By Tom Bradley
In his June Investment Outlook, PIMCO’s Bill Gross says that the Quantitative Easing policy (QE) of the U.S. Federal Reserve hasn’t worked. He points out that over the last 5 years there hasn’t been a 12-month period when the economy has grown faster than 2.5%. Thus his conclusion: QE hasn’t worked.
Now, let me first state that I too am of the view that the Fed has gone too far in trying to manage/stimulate the economy. They had to act during the 2008/09 crisis, and thank goodness they did, but they’ve continued to micro-manage ever since. Like Mr. Gross, I think the Fed has got in the way of economic healing, which has to occur before the next up cycle can start. I suspect we’re now behind where we’d otherwise be if the Fed had pulled back and let the cycle play out.
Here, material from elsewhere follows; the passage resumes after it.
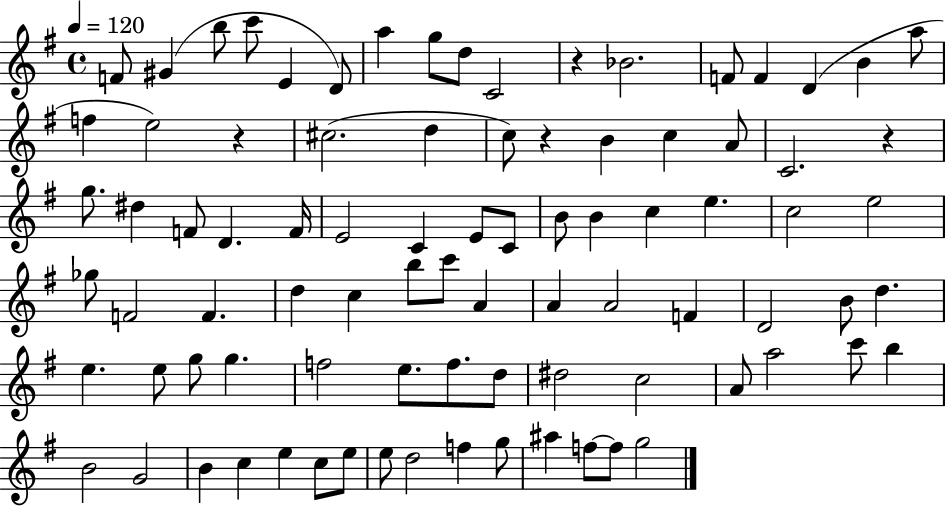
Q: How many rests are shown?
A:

Having said that, I find Mr. Gross’ comment interesting. Yes, the economy has been growing slowly, but it has been growing while the rest of the western world (Europe and Japan) has not. How can he (along with many others who share his view) say it hasn’t been working if he doesn’t know what would have happened without the QE trilogy? It seems to me that the U.S. economy has done surprisingly well in the face of all its challenges. I’d say that the Fed’s meddling has enhanced GDP growth. Unfortunately, it’s borrowed the growth from a time in the future when the necessary healing will need to occur.